Средневековый человек, для которого религия была бытом, почти механически пародировал священные формулы, действования, понятия. Византийцы тоже с упоением предавались игре в кощунственное выворачивание обряда (например, было составлено «Последование службы козлорожденному нечестивому евнуху…»)[712], но это был еще низший уровень игры. Можно было найти новый ход, введя в игру зверей (в обстановке «космической» универсализации церковных понятий так естественно было представить себе, что и у зверей они на языке).
Еще в свое время у Феодора Продрома была юмореска, в которой представлена мышь-начетчица[713]: попав в лапы к кошке, она принимается сыпать цитатами из покаянных псалмов: «Ах, госпожа моя, да не яростию твоею обличиши мене, ниже гневом твоим накажеши мене! Сердце мое смятеся во мне, и боязнь смерти нападе на мя! Беззакония моя превзыдоша главу мою…» и т. д. Кошка в ответ на эти выкрикивания предлагает процитировать пророка Осию (6, 7) в новой редакции: «Жратвы хощу, а не жертвы» (в подлиннике игра на том, что слова ελεος — «милость» и ελαιος — «оливковое масло» выговаривались одинаково). У Продрома прием самоцелен; травестируются слова как таковые. Центральный момент «Жития Осла», когда Лиса ведет ханжеские речи с целью безнадежно запутать и погубить Осла, — это и то же, и совсем не то. Старый прием поворачивается по-новому и начинает «работать». Травестия переходит в сатиру: высмеиваются не слова, а жизнь.

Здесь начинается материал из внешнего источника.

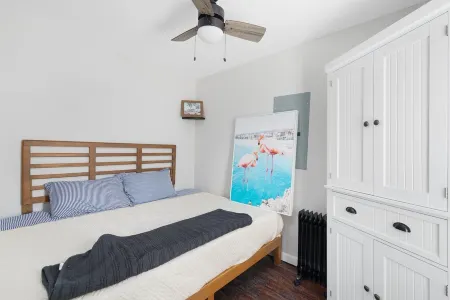 5 Minute Stroll to the Beach - Charming 3-bedroom in Narragansett with AC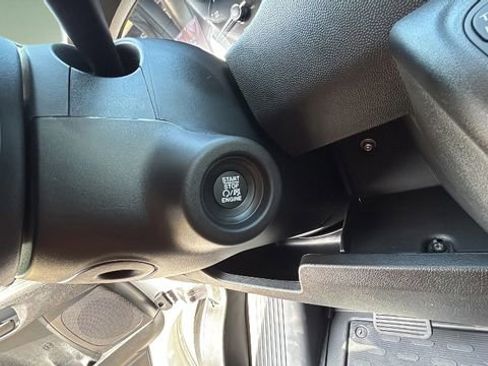 Used 2025 RAM ProMaster 2500 w/ Storage Group image 27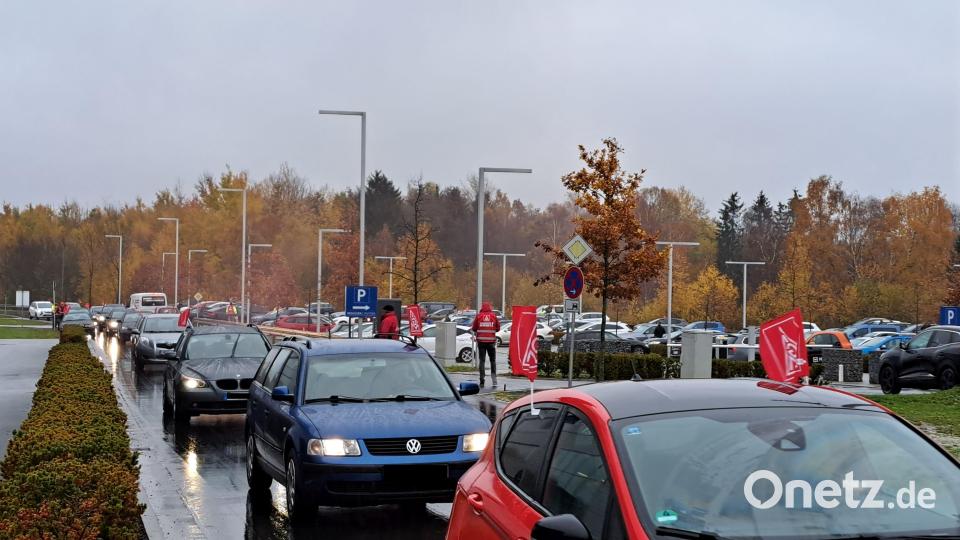 Kurz nach 11 Uhr startete am Mittwoch der erste von zwei Autokorsos vom Parkplatz der Hamm AG. Es beteiligten sich rund 50 Autos. Bild: IG Metall Amberg/exb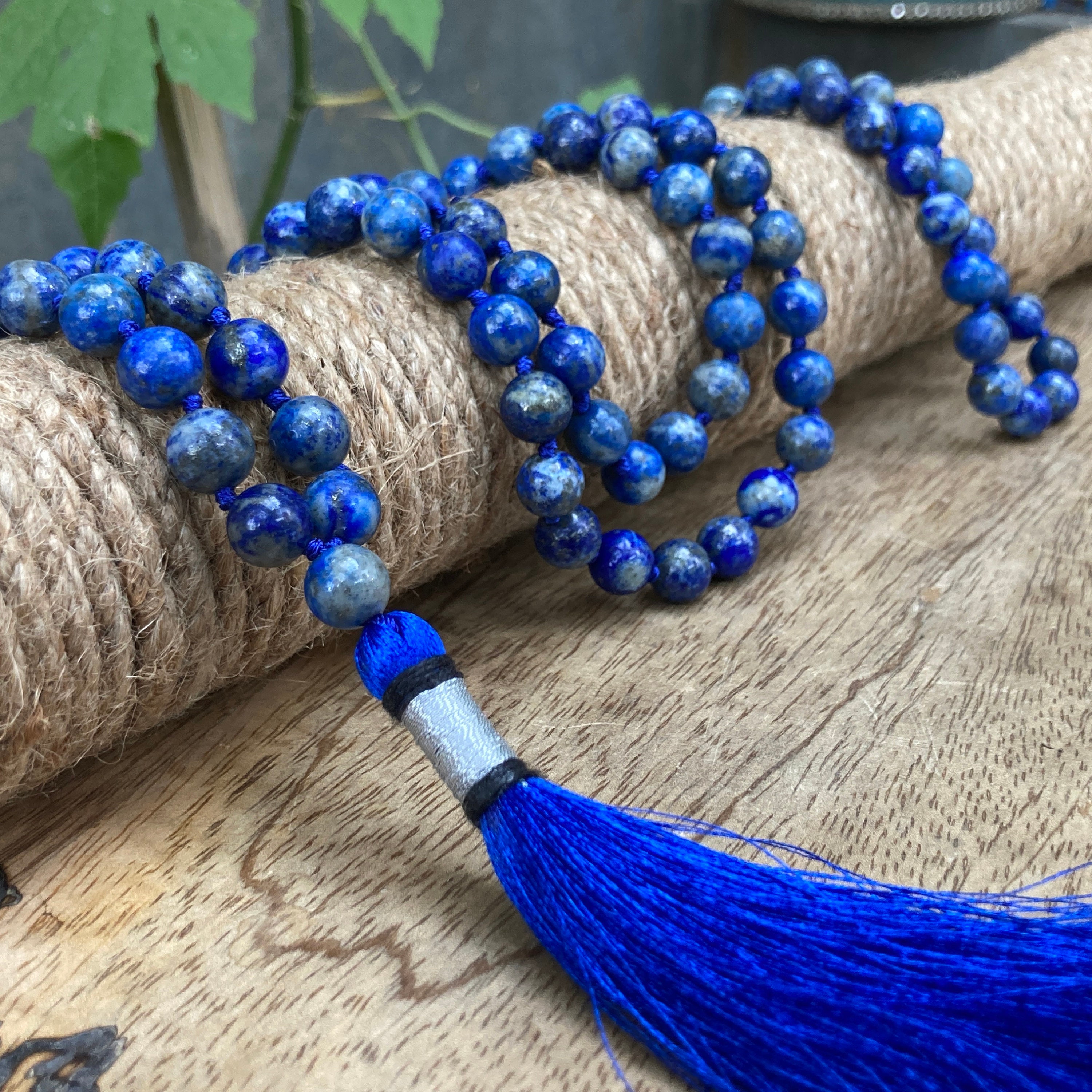 4 Mukhi Rudraksha and Lapis Lazuli Bracelet to Enhances self-confidence,  creativity and vocal power - Engineered to Heal²
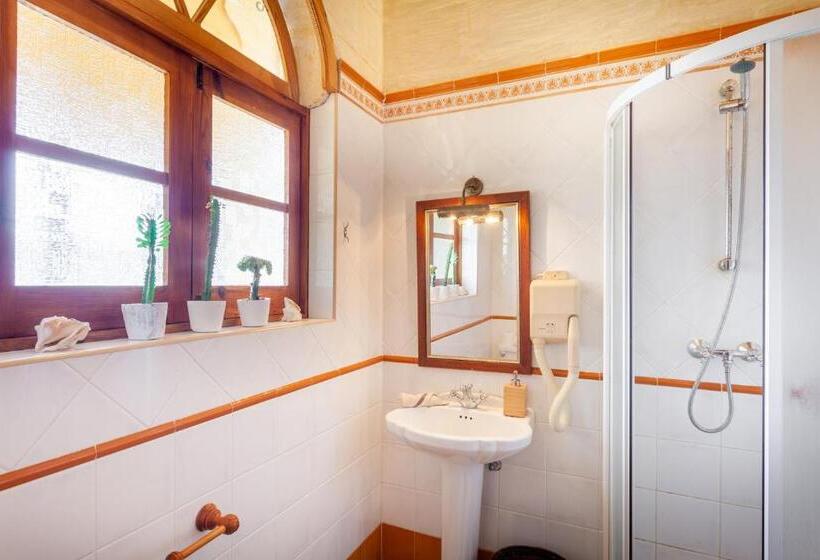 ویلای یک اتاق خوابه با استخر شنا, Botanica B&b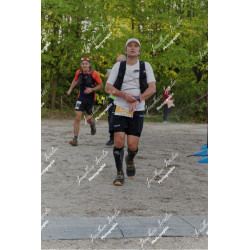 2026-04-18_19-55-26_JI_L0512_ps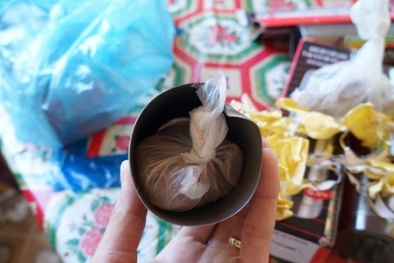 Chất lạ trong bình nước "Made in China"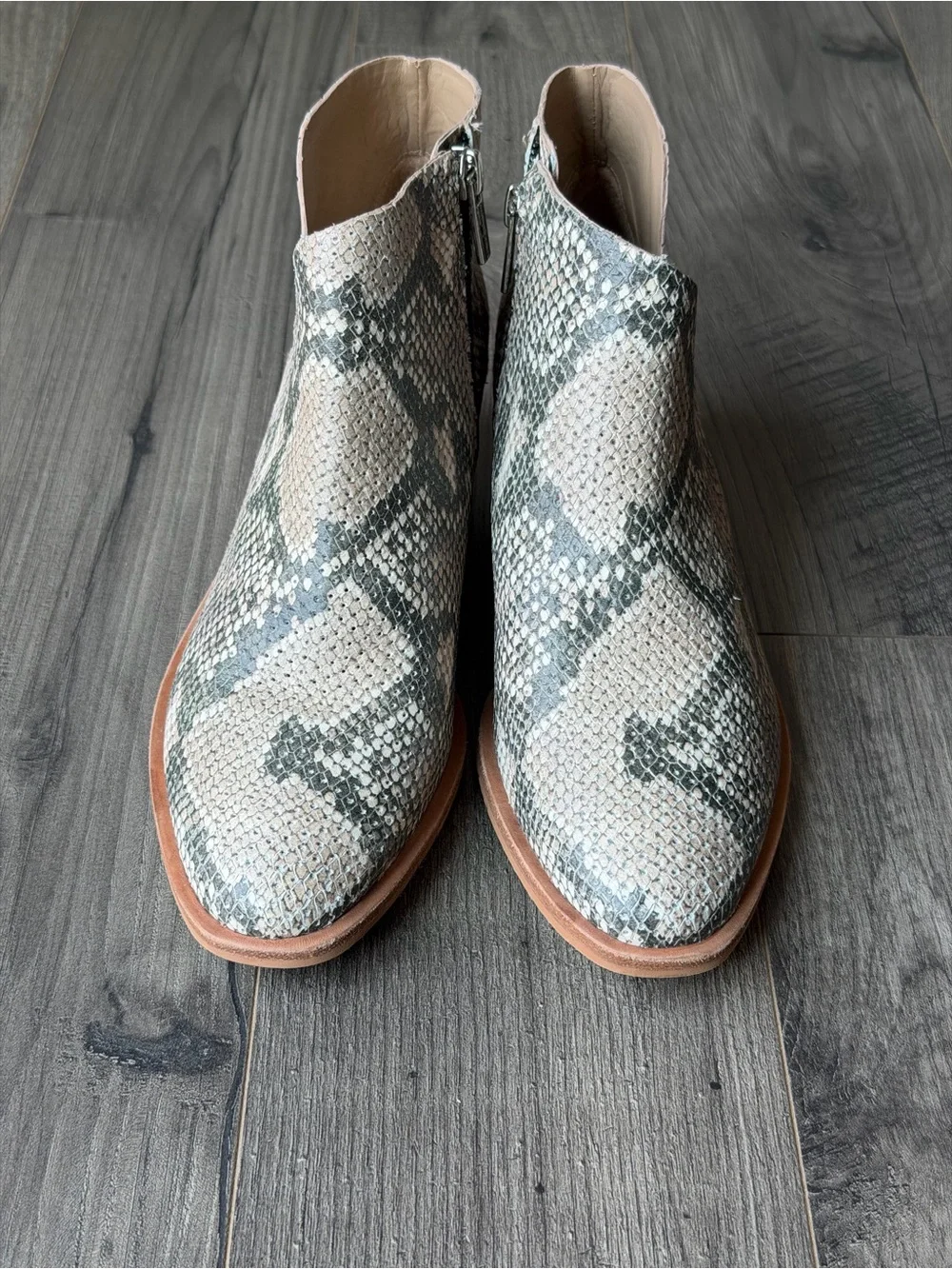 Vince Camuto Arendara Snake Print Leather Ankle Booties Cutout Western - 7,5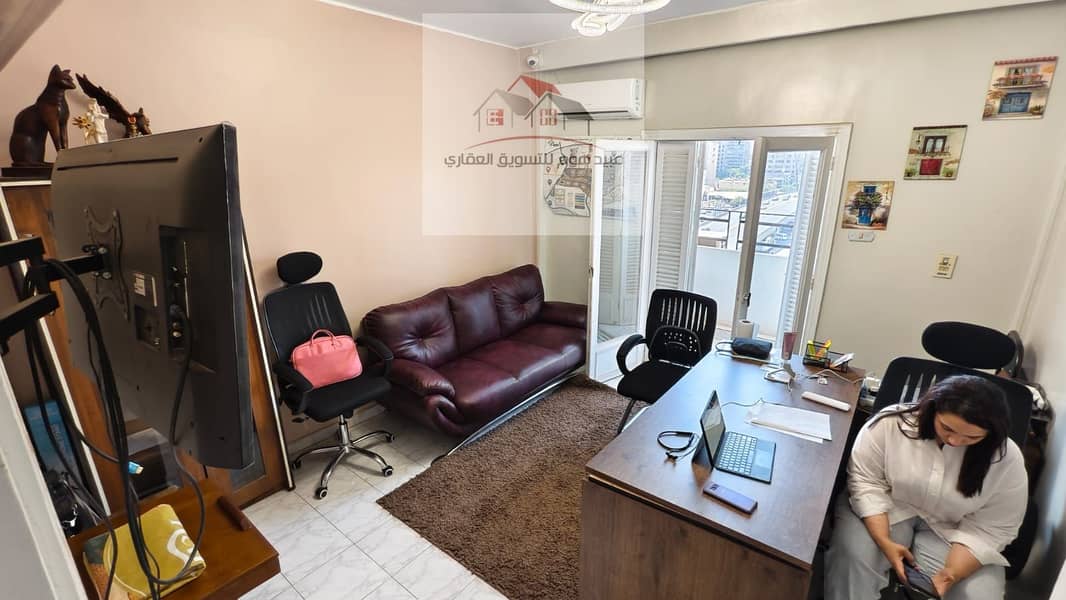Office for rent in Nasr City on Al-Tayaran Street, in front of the Ministry of Defense and Rabaa Mosque. - Vista 6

Вот сюжет стихотворения в целом. Осел, простодушный и грубый деревенщина, сбежал от жестокого хозяина. К нему приближаются господа — Волк и Лиса, которые предлагают ему вместе с ними отправиться на Восток в поисках фортуны; Ослу с самого начала не по себе в подобном обществе, но он неспособен противостоять такому приглашению. Животные садятся на судно и отправляются в плавание: Волк присваивает себе должность капитана, Лиса — кормчего, а гребет за всех, конечно, Осел. Но вот Лиса сообщает, что ее недобрый сон предвещает кораблекрушение; поэтому всем необходимо всенародно исповедать свои грехи. Волк рассказывает, как он задирал скот, Лиса — как она съела единственного петуха у бедной слепой старухи, а перед этим ластилась к ней, прикидываясь кошкой; затем хищники богомольно каются, дают обеты отправиться на св. Гору (т. е. на Афон), чтобы принять постриг, и затем отпускают друг другу грехи. Очередь исповедоваться доходит до Осла, но здесь обстановка неожиданно меняется: перед Волком появляется Номока нон, чернила, бумага, и он начинает аккуратно записывать показания Осла, который превратился из кающегося в подсудимого. Все отвращение безграмотного простолюдина к мрачной и зловещей таинственности судебной процедуры весьма колоритно выражено в этом разделе. Ослу, собственно, и каяться не в чем, кроме того, что он однажды, невыспавшийся, усталый и голодный, съел листочек хозяйского салата, за что тогда же сполна принял кару. Рассказ об этой каре выразителен и энергичен:
«На горе мне хозяин мой немедля все приметил
И тотчас же без жалости кнутом меня приветил.
Огрел по шее он меня, по уху угодил мне,
Мой зад злосчастный ободрал и все бока отбил мне.